Google+ has some distinct advantages over the other networks, the most obvious being search. As the largest and best search engine in the world, Google+ commands a special place in the social media landscape. Not only does Google control paid and organic search, they also control a vast network of Internet sites including YouTube and other popular websites. In addition, Google is dedicated to mobile smartphones and improving local search. In a few short years, their Android operating system has become one of the biggest players in the smartphone market.
Mobile smartphone searches turn browsing into purchases much more effectively than desktop or laptop computers. BIA/Kelsey research has shown that once a business is located on a smartphone, a customer will buy or visit the location 60% of the time. Compare this to average desktops rates of 10% or lower. Why is this? Users use mobile searches closer to their point of purchase. While mobile sales are not likely to directly affect the sales of insurance agents, they will affect B-to-C marketing, and this in turn will impact how Google continues to develop both Google mobile search and Google+. In short, Google+ is the most likely social media community to successfully incorporate B-to-C in the near future due to the high conversion rates generated by smartphone searches.

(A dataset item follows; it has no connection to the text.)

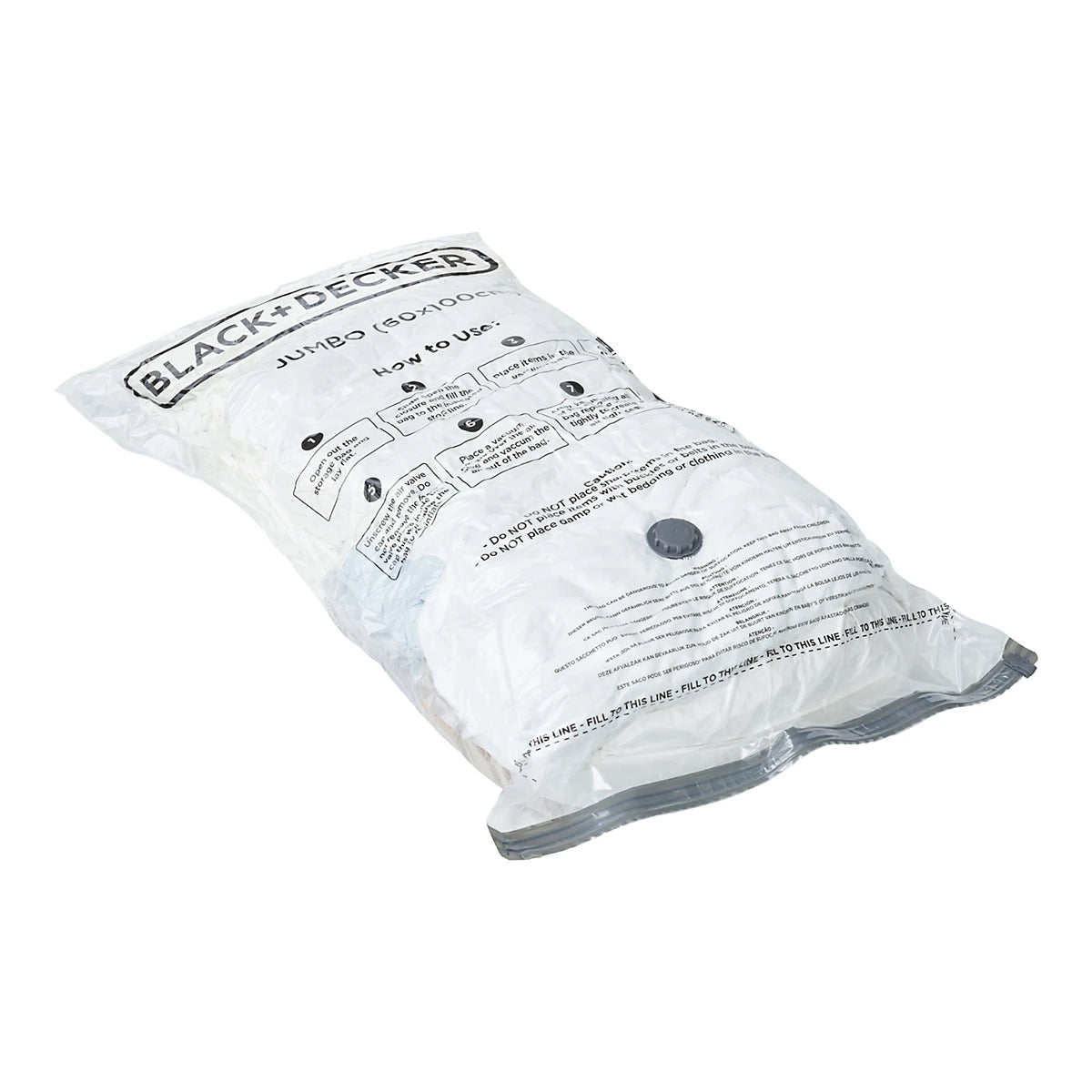 Jumbo vacuum bags, additional view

The power of a Google+ recommendation
Google+ also has a few very useful tools that other social media sites do not have. Perhaps the most powerful of these is the ability for a user to see the recommendations of their friends whenever they search the web using Google search. Currently the "recommend" feature isn't very important because the community is small. Unlike the friend recommends on Facebook, Google recommends are user-initiated, targeted messages rather than broadcast messages. To clarify: With a Facebook ad, anytime a person is on Facebook, the ad pops up and says something like, "Your friends Bob and Sue both like Shealthinsurance.com." However, using Google+, the ad only appears if the user is searching for, say, "insurance." Additionally, it will include both general public recommends and specific recommendations from friends. Most importantly, these recommends do not disappear with time, but remain available to users any time they are signed into Google. With Android's operating system, users are almost always signed in to access applications.